Hey Ihr frischgebackenen Eltern - verwöhnt Euer Baby ruhig!
Wenn ein Säugling weint, fragen sich Eltern häufig, ob sie das Baby beruhigen oder es sich selbst beruhigen lassen sollen. Wenn sie auf jedes Schluchzen reagieren, wird das Baby dann nicht noch mehr weinen? Verwöhnt man das Baby damit nicht? Dieses allgemeine Fragezeichen hören wir auch in unseren Dunstan Eltern-Workshops immer wieder aus unsicheren Fragen heraus.

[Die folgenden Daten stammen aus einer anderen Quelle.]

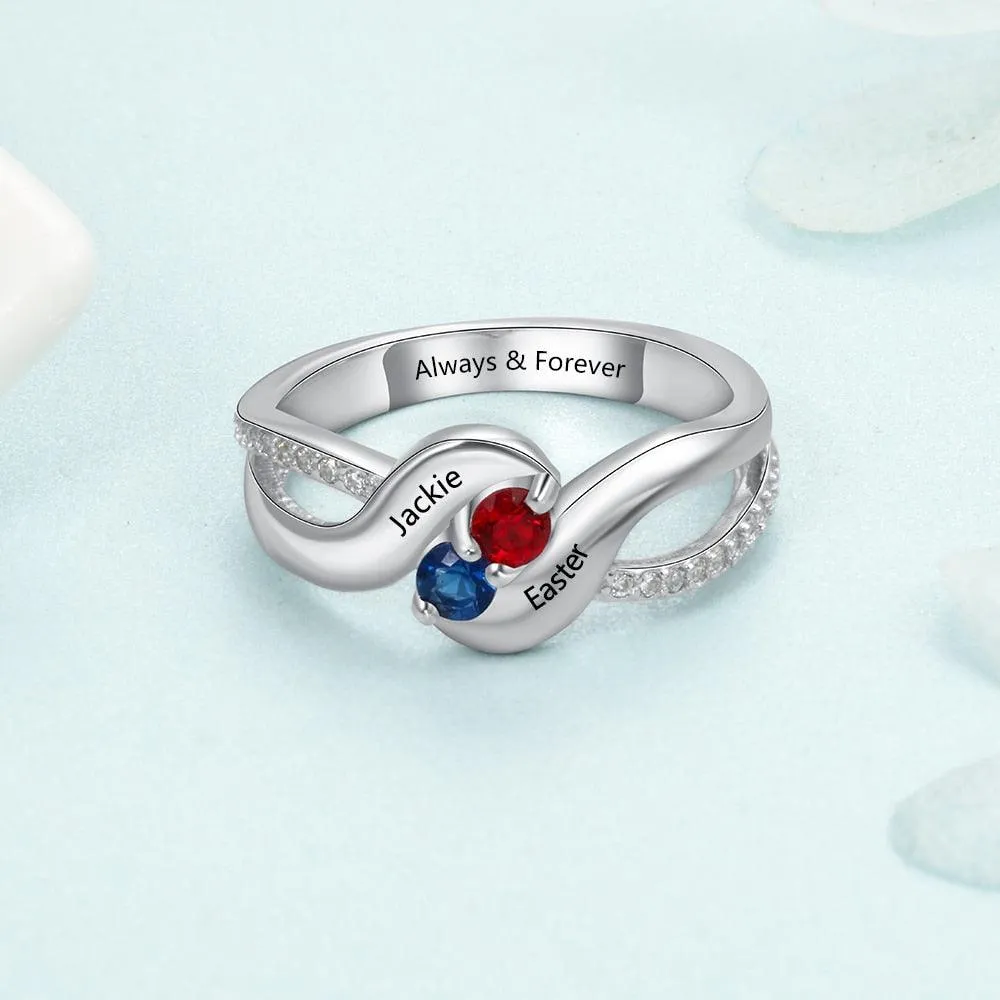 Personalized Sterling Silver Ring - Engrave One Special Phrase, Two Custom Names & Two Custom Birthstones - Women’s Fashion Jewelry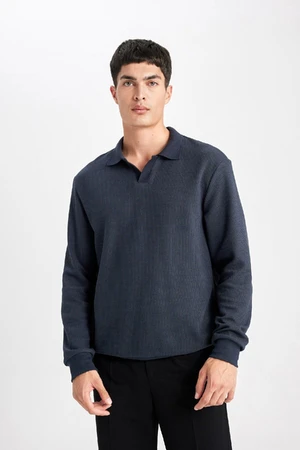 DEFACTO Navy Blue Regular Fit Polo Neck Jacquard Knitwear Sweatshirt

Als Professorin für Kindesentwicklung und Familienwissenschaft an der Universität von West Virginia hörte auch Amy Root diese Fragen sehr oft. Die Vorstellung, ein Baby zu verwöhnen, ist nicht nur bei ihr in den USA, sondern auch hierzulande nach wie vor weit verbreitet. Und dass, obwohl es längst erwiesen ist, dass Säuglinge, deren Eltern verlässlich auf ihre Bedürfnisse eingehen, sich später im Leben besser selbst beruhigen können. So erleben wir es auch bei der Dunstan Babysprache und den Kindern, die wir von Anfang an mit dieser Methode begleiten durften.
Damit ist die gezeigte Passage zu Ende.